You might have to go see a lawyer at the very least. Because it sounds like he's saying "You get nothing." and that's just not the way it works in reality. Maybe he's trying to 'haggle' with you- starting with you get nothing, and basically being a pr*ck until you cave and end up with a quarter of what you're entitled to.

 

A lot of lawyers will do a first appointment free or cheap, at the very least it wouldn't hurt to get some idea of what the 'legal reality' of the situation is; which is always a much different thing from the 'emotional reality'.

Posted

A step between do it yourselves and litigation is attorney-led mediation. You find an attorney (who can't represent either of you in the divorce and remains neutral) who will help you two mediate a settlement.

 

My ex and I did this and it worked well. A skillful mediator will be able to handle the inherent power struggles that happen at this time, and will also be able to give each of you guidance of what the courts would see as reasonable and how the court might typically rule on something. They can also help you two by creatively identifying additional alternatives that might work better than what you've already thought of.

 

There are also non-attorney mediators; they usually have a counseling background. I wouldn't recommend them as much. They are cheaper than an attorney mediator but don't provide as much insight into what the courts might do.

 

Contact your local district courthouse and ask them for a list of court-appointed mediators; they should be able to help you.

Posted
I own the house but he lives in it rent free.

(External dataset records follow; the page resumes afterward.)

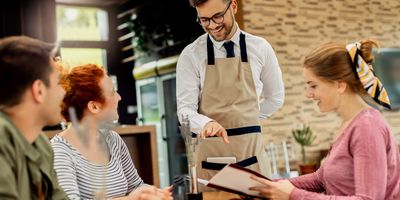 faili young-happy-waiter-communicating-with-group-customers-cafe.jpg allalaadimine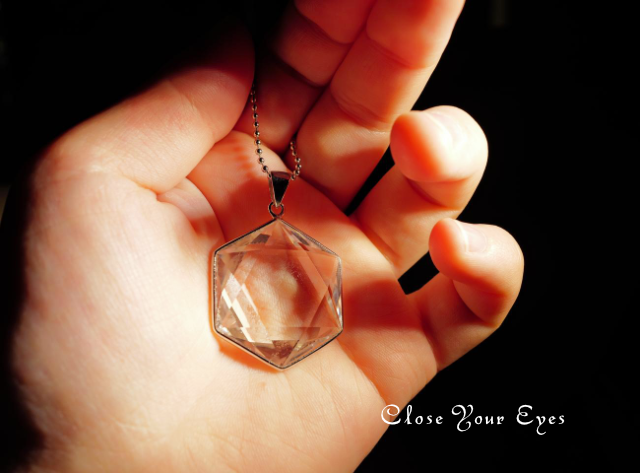 シルバーペンダント　ブラジル産　六芒星クリスタル　１４６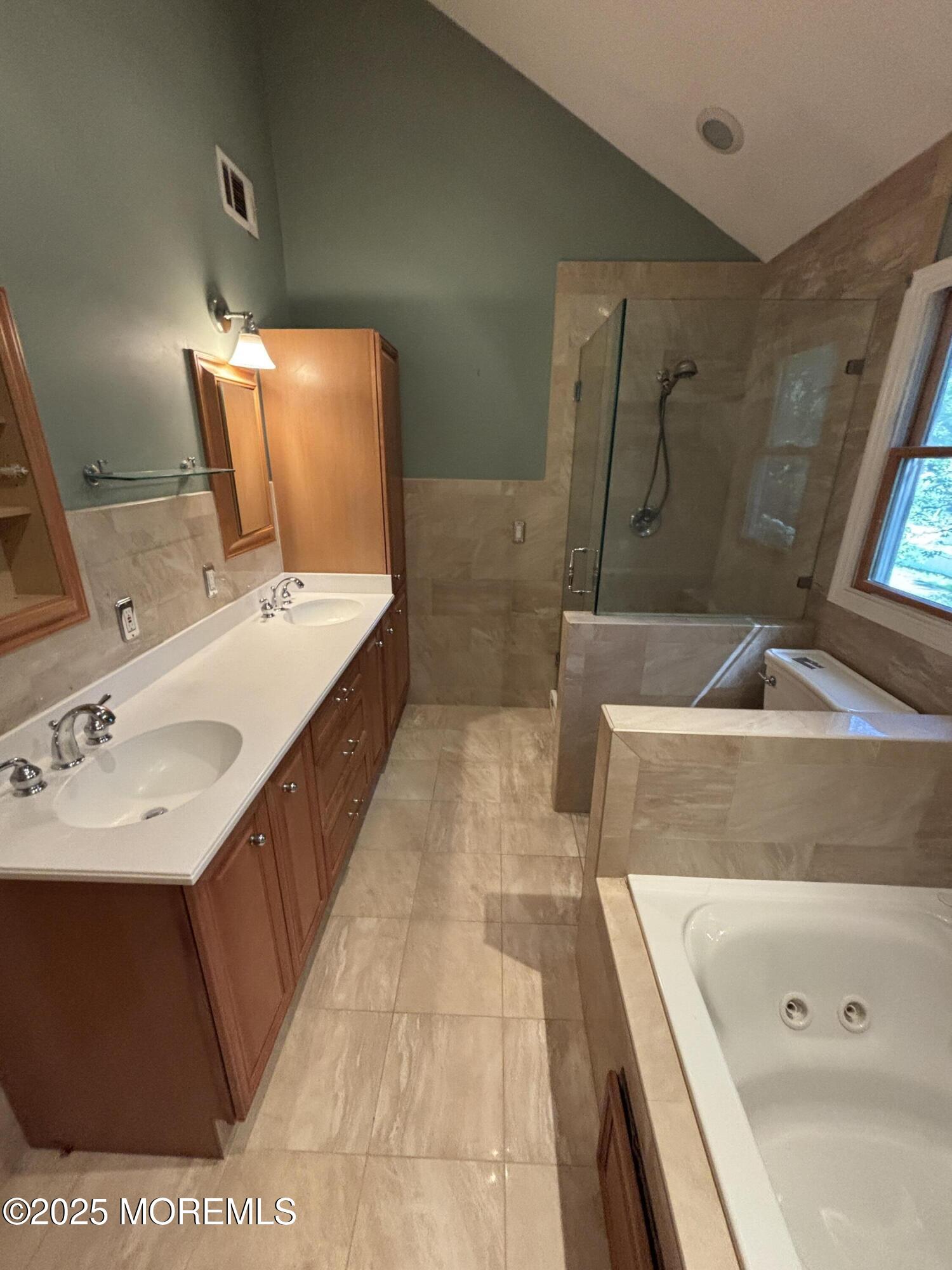 90 Statesir Place, Red Bank, NJ, 07701 image 17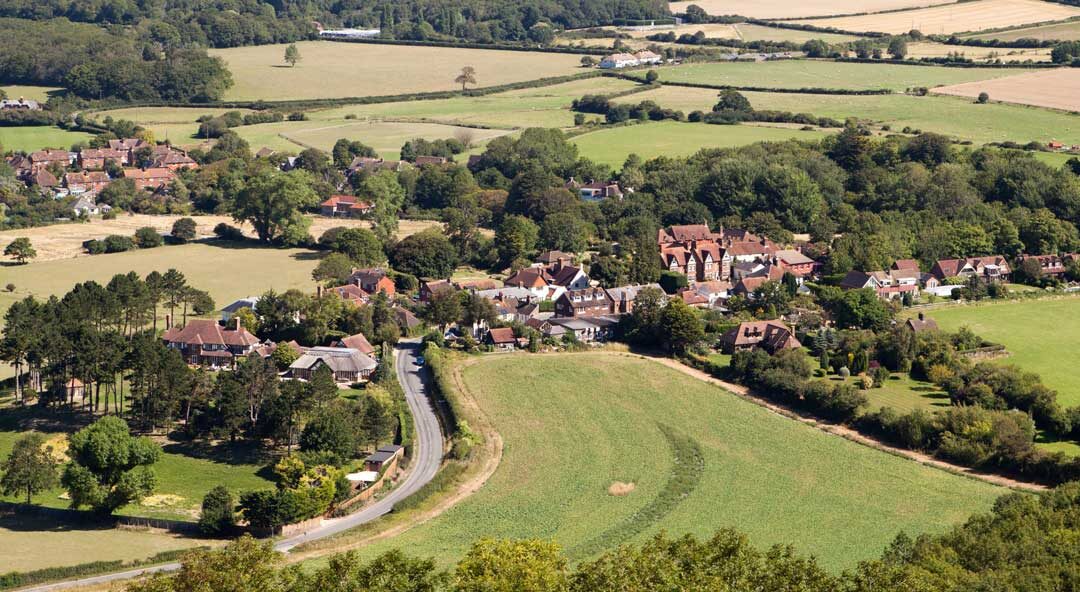 Best Guided Walking Tours in the UK: Explore Britain at Your Own Pace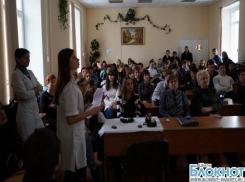 Шахтинские волонтеры рассказали студентам о диабете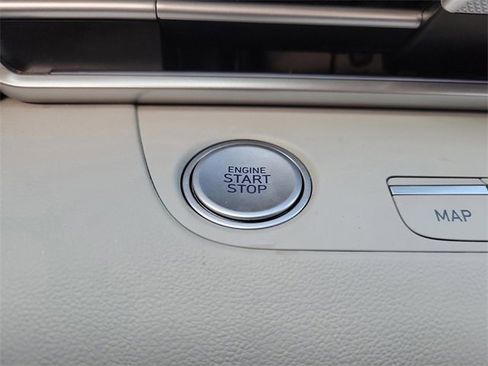 Used 2025 Hyundai Elantra Limited image 23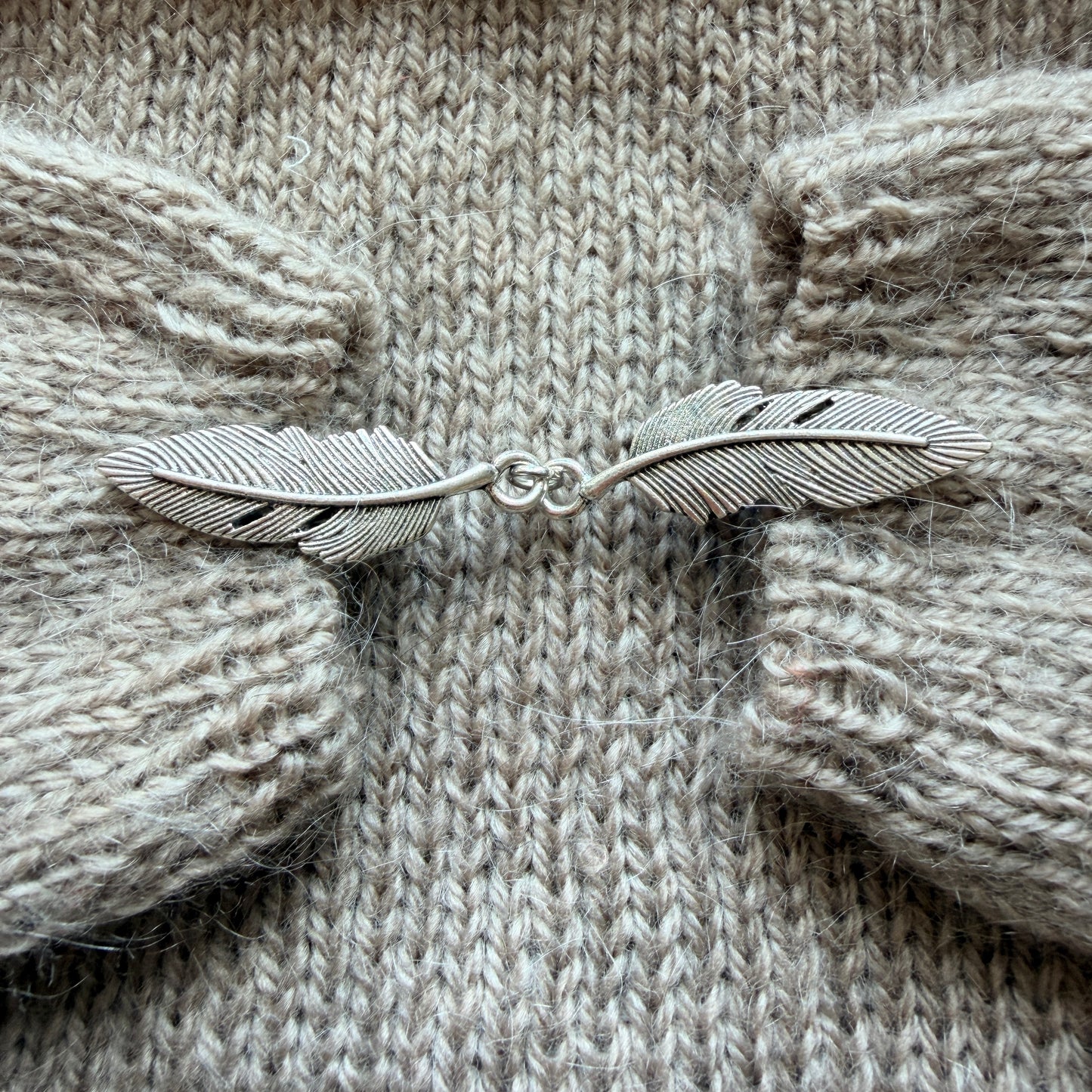 Knitwear Clip 'Feather'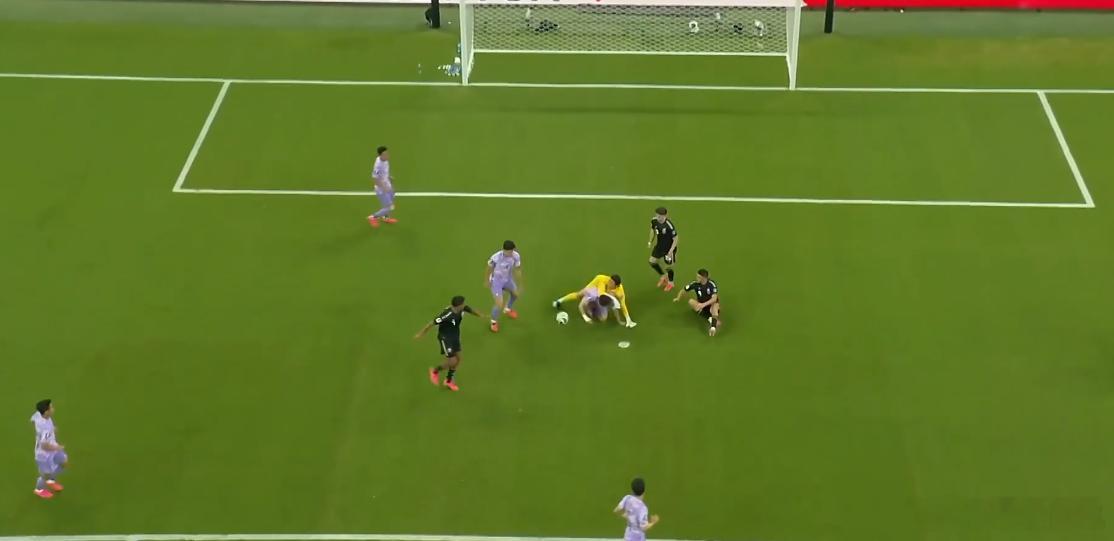 【韩国队门将出击出现重大失误，墨西哥破门！！！】墨西哥vs韩国世界杯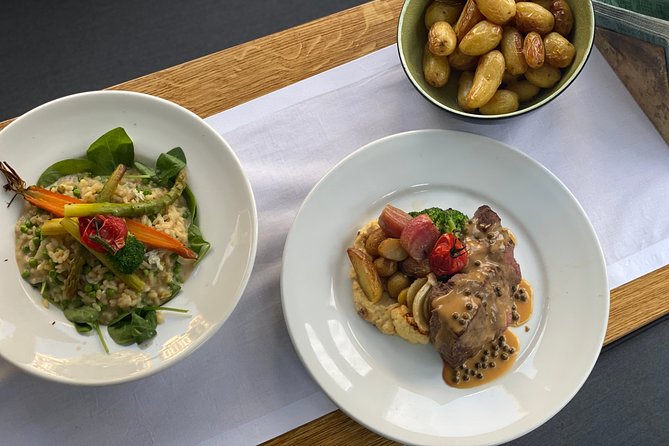 Amsterdam Private Dinner Cruise incl Drinks & 2-course Dinner 2hr - Drinks, champagne add-on, and the vibe for an easy evening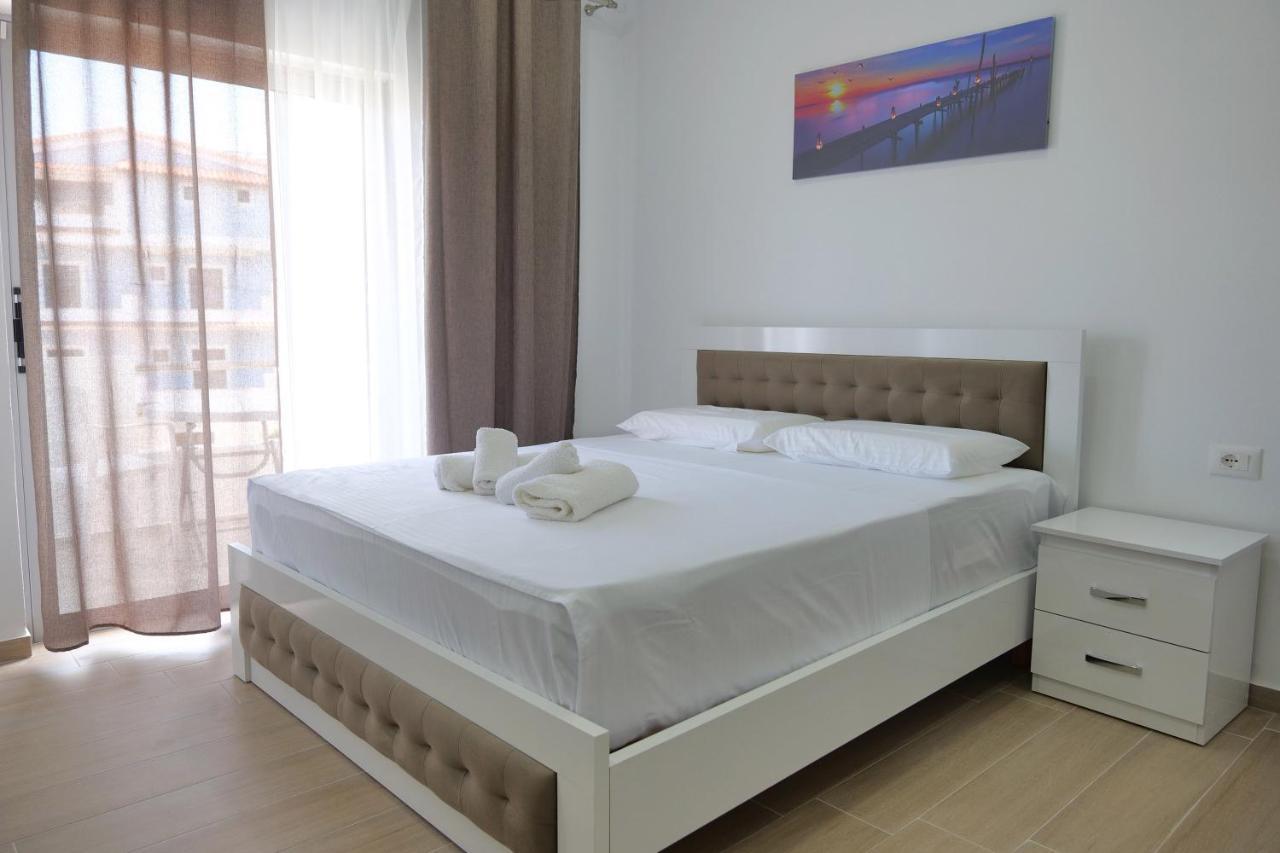 Iljo Apartments Ksamil Exteriér fotografie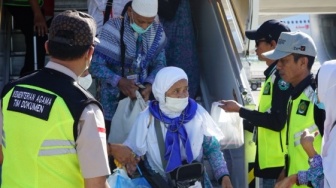 Jamaah Kloter Terakhir Haji 2023 Tiba Selamat di Bandara Sultan Hasanuddin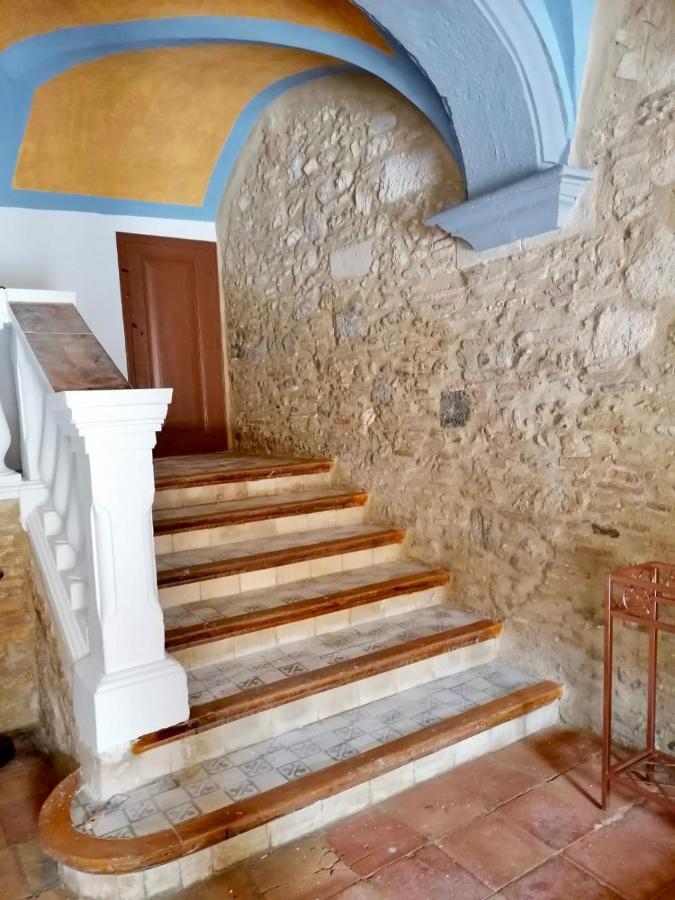 הוילה קסטלו דה אמפוריאס Casa Contreras מראה חיצוני תמונה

In most jurisdictions, what you bring into the marriage, is yours and doesn't need to be part of the settlement.

Posted
In most jurisdictions, what you bring into the marriage, is yours and doesn't need to be part of the settlement.

 

But in a lot things such as property and even retirement accounts become community property. Houses especially are tricky. Just cause his name isn't on the deed doesn't mean that it isn't half his through marriage. Also if he can show any financial contribution to said house it makes it even more his. Not that I am a lawyer, but It happened to my boss a year ago. He owned two houses, a primary and vacation. Had owned them for years. Got married, lasted a whole 2 years and she was entitled to 1/2 the value of both. He ended up having to sell them both to pay her off. Sux but is reality. Here it is a community property state so it is 50/50.

Posted
But in a lot things such as property and even retirement accounts become community property. Houses especially are tricky. Just cause his name isn't on the deed doesn't mean that it isn't half his through marriage. Also if he can show any financial contribution to said house it makes it even more his. Not that I am a lawyer, but It happened to my boss a year ago. He owned two houses, a primary and vacation. Had owned them for years. Got married, lasted a whole 2 years and she was entitled to 1/2 the value of both. He ended up having to sell them both to pay her off. Sux but is reality. Here it is a community property state so it is 50/50.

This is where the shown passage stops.